For mysql, Redis, Kafka, Zookeeper disk caching technology usage analysis
Most of the components is based on the disk storage, but due to the gap between the disk and CPU speed, will use caching to improve performance, the cache is simply a piece of memory area, the first will be read from the disk data in the cache, then the query cache, or modify the direct operation on the data in the cache is flushed to disk at a certain frequency, How you cache, how much you cache, and when you refresh affects the performance of the entire component. After looking at some architectural principles of mysql and other components, we will find that whether it is disk-based mysql database, Kafka message-oriented Zookeeper distributed coordination framework, or memory-based Redis database, they have designed perfect data interaction between memory and disk. Strike a balance between reading data quickly and persisting data. The cache also has space and time read rules. From a space perspective, the data in the area adjacent to the hotspot data will be accessed shortly after, and from a time perspective, the hotspot data will be accessed again after the first access.
Mysql disk cache (with Innodb engine only)

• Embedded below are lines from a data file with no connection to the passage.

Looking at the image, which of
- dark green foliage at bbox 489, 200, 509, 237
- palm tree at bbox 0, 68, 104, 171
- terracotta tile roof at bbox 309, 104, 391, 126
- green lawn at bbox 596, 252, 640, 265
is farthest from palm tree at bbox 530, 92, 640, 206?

When analyzing what data mysql caches, we can find its root cause, which is the cache pool of mysql’s InnoDB engine.
Innodb, of course, can set up multiple such instances of buffer pool, thus increasing the database of concurrent ability, the size of the buffer pool can be configured, each page in the buffer pool size of 16 KB, manage buffer pool by LRU algorithm, when the LRU list page is modified, because do not agree with the data in disk that produce to the page called dirty pages, The database CHECKPOINT flushes dirty pages back to disk, and the dirty pages are stored in the Flush list. The LRU list manages the availability of pages in the cache pool, while the Flush list flushes dirty pages back to disk. You can query the number of dirty pages by running a command.
The next concern is the cache associated with the disk files
Redo log cache
The redo log cache is unique to the InnoDB engine and corresponds to the reco log file. By default, it is 8MB. Because redo logs are flushed to log files every second, it does not need to be too large.

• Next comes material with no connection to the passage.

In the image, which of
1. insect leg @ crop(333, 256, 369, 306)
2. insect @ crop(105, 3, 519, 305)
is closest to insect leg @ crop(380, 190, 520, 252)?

- The Master Thread flushes the redo log cache to the redo log file every second
- Flush the redo log cache to the redo log file at each transaction commit (controlled by innodb_flush_LOG_at_trx_COMMIT)
- When the redo log cache space is less than 1/2, the redo log cache is flushed to the redo log file
Impossible because of the cache and disk data in real time, in order to prevent data loss, the current transaction databases are generally used the Write ahead log strategy, namely when the transaction is committed to Write the redo log, modify the page again, when after downtime cause data loss, can be done in log data recovery, to ensure the transaction durability requirements. You can configure multiple mirror log groups for high reliability.
Data page index page cache
The Insert/Change Buffer is used to manipulate data. Innodb sets primary keys for each table. Primary keys are unique identifiers for rows. So insert clustered index generally don’t need random access, but also in the table will have multiple nonclustered auxiliary index, when insertion, the storage of data pages or stored in a clustered index to order, for the index page of china-africa gathered auxiliary discrete access the index page updates, so random read to cause a decline in performance, So use Insert buffers to cache secondary indexes and merge secondary index pages on a regular basis.
Binary log cache
Binary logs record all operations that change the mysql database, excluding the operations that do not change the mysql database, such as select and show. Binary logs are used for database recovery, replication of primary and secondary data synchronization, and security audit of information in logs.
Note that when using a transactional table storage engine, all uncommitted binary logs are logged to the cache and written to the binary log file when the transaction commits. Binlog_cache_size is session-based, not global, and has a default size of 32K.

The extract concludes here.